I recently posted an "ice-fishing-shack" in the vehicle section that is made by SnoBear ... a two-track unit with skiis on the front and seating for upto 10 people. The unit has holes in the floor so that you can sit comfortably and fish straight through.

Another one I found is an amphibious ice-fishing shack ... even if you break through, you stay warm-n-dry ...


----------



## hiwall (Jun 15, 2012)

Ice fishing. There is nothing more entertaining than staring at a hole in the ice for hours while your body slowly freezes solid.


----------



## cowboyhermit (Nov 10, 2012)

That motorized shack is awesome.

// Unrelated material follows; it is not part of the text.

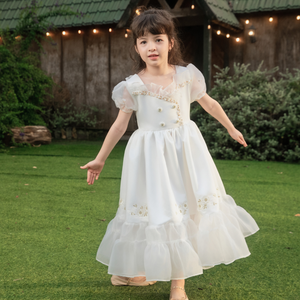 Robe Alana – Robe de bal blanche de princesse, robe de soirée de haute qualité, robe vintage pour enfants, broderie à la main, dentelle Conne - Product Image 5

The thing about a shack is it keeps the light out so you can see down the hole, that is the most fun, especially in clear, shallow water. You can also throw a tarp over you, which is how at least some natives did it, of course hides though. Also it is really easy to keep the shack warm, they are black and any sun shining gets reflected off the snow and ice and absorbed by the canvas. But if you put in even a tiny heater you will be too warm in a hurry, a little propane heater is standard but have seen tiny wood stoves that worked great. The most fun we had is with the "4 man" variety, but if it is just you, you can use all the holes yourself and stay toasty warm all day. Sometimes people will light a fire out on the ice to make it more comfortable outside, usually in a barrel on a couple rocks (no it wont melt through). Never really remember being cold out there, even as a little kid.
If you have your fishing license you should definitely give it a try now If you don't know anyone who does it then just head out to a lake with good fishing and on the weekend there should be people out there fishing away. Most of them I'm sure would be glad to give you a few tips. Heck you might even like it, I have fished on the ocean a lot and obviously on boats, from the shore etc. but ice fishing is my favorite, though fly fishing is close. 
I would also put ice fishing second only to nets in terms of productivity. My relatives used to catch a truckload (literally) of fish every winter and still have the pictures, but never really bothered the other three seasons, mainly because it was too hard to keep them fresh. In the winter that is not an issue, just drop them on the ice.


----------



## oif_ghost_tod (Sep 25, 2012)

hiwall said:


> Ice fishing. There is nothing more entertaining than staring at a hole in the ice for hours while your body slowly freezes solid.


Lol true.

Never have you seen more grown men freak out about their less than average fish than in an ice fishing contest.
Great excuse for supporting the local brewery though.
:beercheer:


----------